Of course some may beg to differ, saying Daniel Sturridge is their most important player due to his goal scoring records and that is fine, so long as you can give a credible argument. But the 24 year-old’s penchants for regular niggles and knocks are evident and as far as I’m concerned, I haven’t witnessed Sterling suffer injury often.
Sterling is stupendous, a genuine intimidation to the opposition. The intensity in his game, how he presses the ball and technically; he’s very conscious for a young player. When he runs at the opponent he fashions many opportunities. At 19 years of age he’s a true talent and getting better all the time.
Rodgers system benefits Sterling.
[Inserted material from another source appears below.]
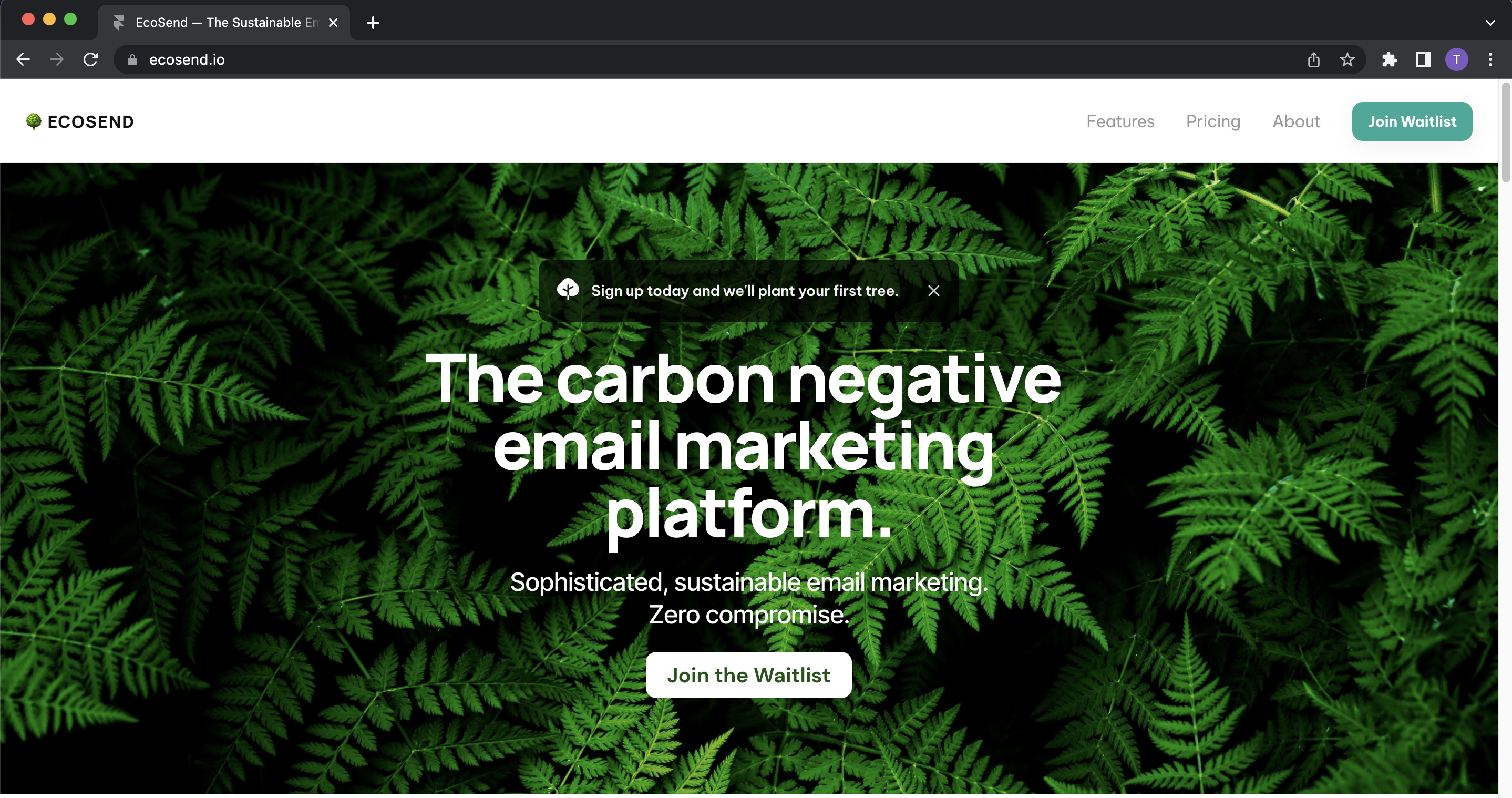 EcoSend carbon negative sustainable email marketing platform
Whether on either wing in a 4-3-3 or 4-2-3-1, or deployed in the Number 10 role in the diamond, his flexibility means he will be a permanent fixture in the Reds starting XI.
With the likes of Lazar Markovic, Adam Lallana and Emre Can settling into life at their new club, Sterling has the weight of expectation thrust upon his nimble shoulders and I believe he will handle it effortlessly.
Bear in mind, Sterling had scored more goals from open play from match day thirteen onwards than any other midfielder in the league last term. He has undoubtedly grown since 2012/13 in front of goal.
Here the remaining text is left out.